Viajar a La Vega. Por: Manuel Amaya. (La Vega-Cundinamarca).

Hace meses, o algo más de un año, no viajo a La Vega; hoy lo hago por este medio de transporte: las palabras. Son palabras que nacen en recuerdos de una época lejana. Las últimas veces que viajé sentí que no había salido de Bogotá, que estaba en un suburbio más tibio y alegre, es verdad, pero no muy diferente, porque es como si el pueblo hubiera sido alcanzado por uno de los brazos del pulpo monstruoso, como si ya formara parte de él.
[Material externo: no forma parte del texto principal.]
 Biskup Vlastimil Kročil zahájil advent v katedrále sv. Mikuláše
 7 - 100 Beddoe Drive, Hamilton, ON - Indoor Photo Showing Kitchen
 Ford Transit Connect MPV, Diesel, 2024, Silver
Cada veguno y cada persona que vive en La Vega la conoce y la siente de una manera distinta: cada uno guarda su propia versión del pueblo, sus propias vivencias. Yo, en realidad, a pesar de los años de exilio, no he abandonado La Vega y sueño que ella también me ha sido fiel. Vuelvo los ojos hacia mi pasado en La Vega y veo que es un manojo de recuerdos vivos, que el pasado intemporal no termina de pasar, no terminará, que mis recuerdos de La Vega no se dejan masticar por el olvido. Recorro de nuevo las calles polvorientas bajo el sol o estampo las huellas de mis pisadas sobre el barro ya amasado por otras personas, por los carros y por las bestias de carga.

El pueblo es pequeño y sus calles solitarias, a no ser los domingos. Mientras el niño, o el adolescente, camina hacia el pueblo —el centro—, tiene tiempo para soñar. Si divisa al caminante con el que va a cruzarse, busca en su mente una fórmula: adiós, buenos días, buenas tardes, que esté muy bien, cómo le va... No importa si es alguien del campo o del pueblo ni si lo ha visto antes o no: en La Vega nadie era un desconocido.
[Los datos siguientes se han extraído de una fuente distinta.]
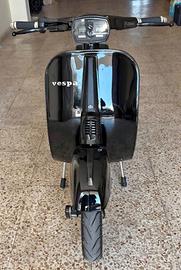 vespa 50 special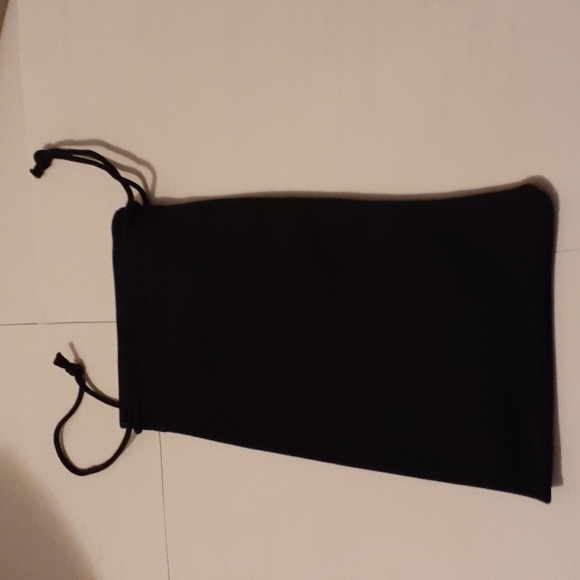 Black Minimal Square Golden Ring Sunglasses - Picture 4 of 4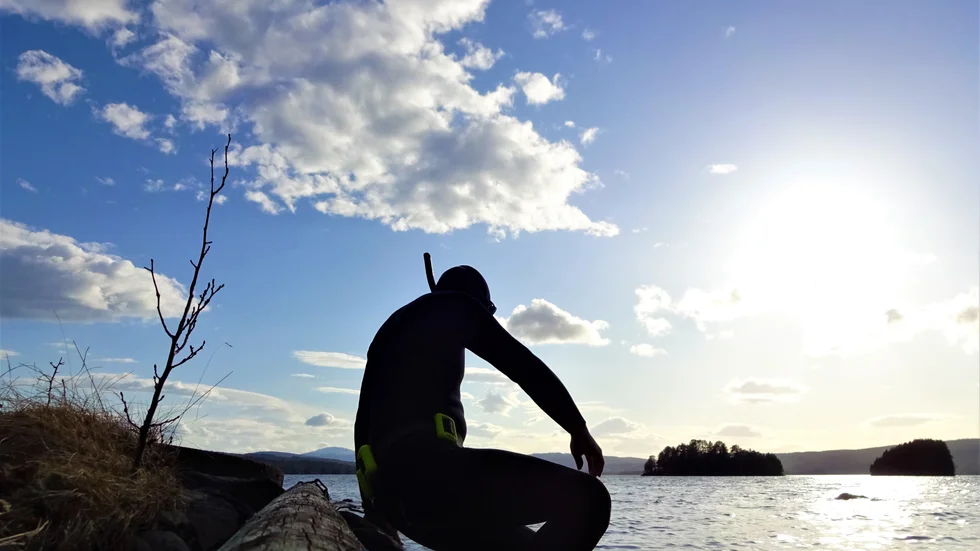 Eftersom jag är en gammal dykare a` la “Det stora blå”, var jag säker på att hitta ringen, skriver Markus Brunfelt.
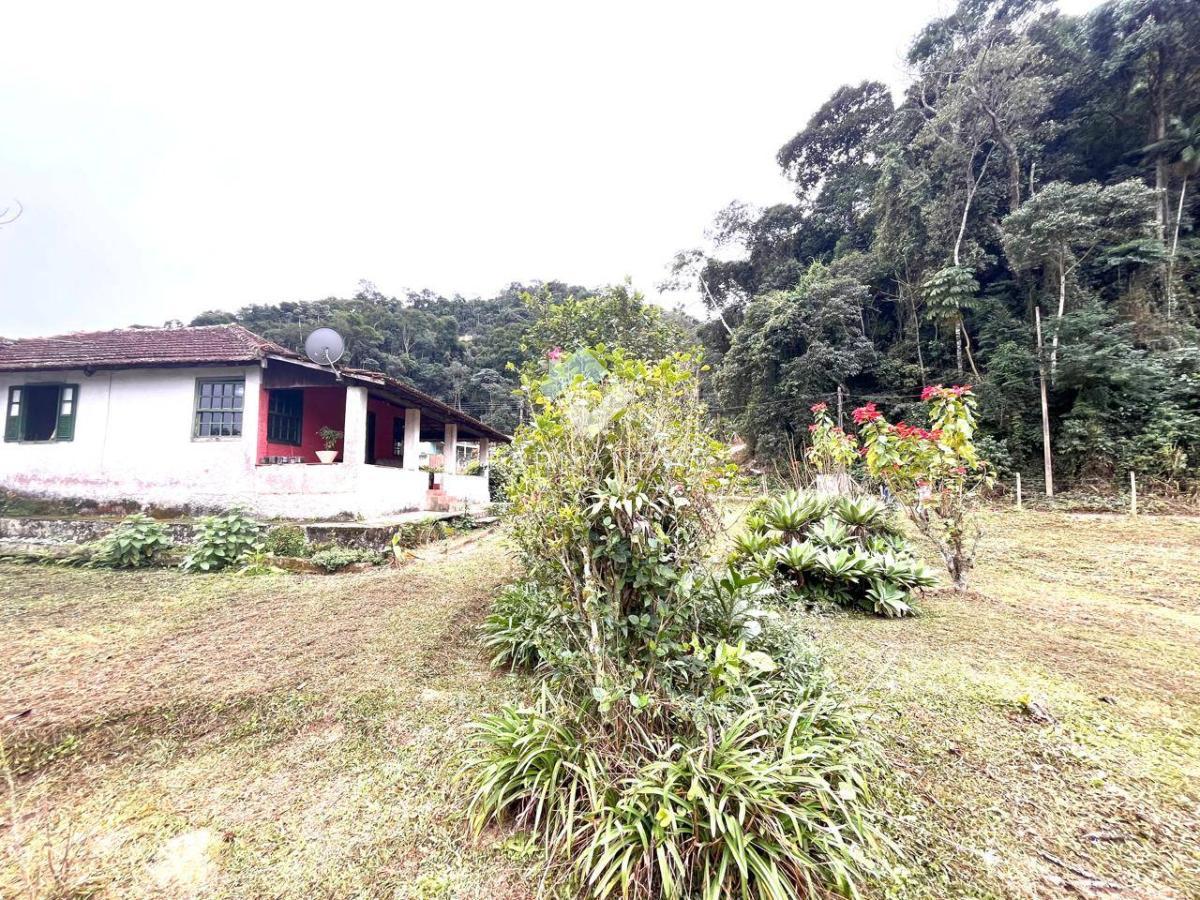 Sítio à venda com 3 quartos, 150m² - Foto 15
Para el joven estudiante de bachillerato viajar a Bogotá era un tormento. En los años setenta el viaje interminable duraba dos horas y media según el indolente andar de los relojes, el regreso era más amable. Aún no existía la autopista a Medellín y, en el regreso, la carretera destapada llegaba hasta El Chuscal, o La Virgen, y continuaba por lo que ahora se denomina la carretera vieja, atravesaba varias veredas hasta la vereda de San Juan ya en las goteras del pueblo. Se decía que la carretera había sido construida a pico y pala.

Cuando terminé el bachillerato en el Colegio Departamental integrado Ricardo Hinestroza Daza, viajé para radicarme en Bogotá y durante años regresé al pueblo cada fin de semana, y pasaba las vacaciones allá, o mejor acá, porque llevo eses recuerdos en mí y me asaltan cuando quieren sin que yo pueda repelerlos y, además, nunca lo intento. Cuando viajaba a La Vega los viernes, parecía que iba p’al cielo, o hacia lo que ahora denomino mi paraíso perdido. La carretera era angosta y se curvaba y recurvaba a cada instante. El bus, pitaba antes de cada curva, es decir, todo el tiempo, para que los carros que avanzaban en sentido contrario buscaran el sitio adecuado para orillarse y darse paso uno al otro. Dentro del bus, el olor a gasolina era constante y el rebote, o ansias de vomitar, me aquejaba lo mismo que a otros pasajeros.

Durante las épocas de verano, la polvareda que levantaba el bus, sumada a veces a la que levantaban los vehículos con los que se cruzaba, invadía el interior. Conversar con el pasajero de al lado se convertía en una proeza porque el ruido del motor obligaba a dialogar a gritos. Cuando por fin llegábamos al pueblo, los pasajeros empezábamos a desfilar para apearnos, cansados por el viaje y moviéndonos como momias embalsamadas bajo numerosas capas de polvo; solo los brillos de los ojos delataban que éramos humanos vivos y no seres de ultratumba. Esa Vega ya no existe o tal vez sí: bajo capas de olvido y aún brilla intacta en mi memoria y en mis ojos —eso espero—, mientras escribo.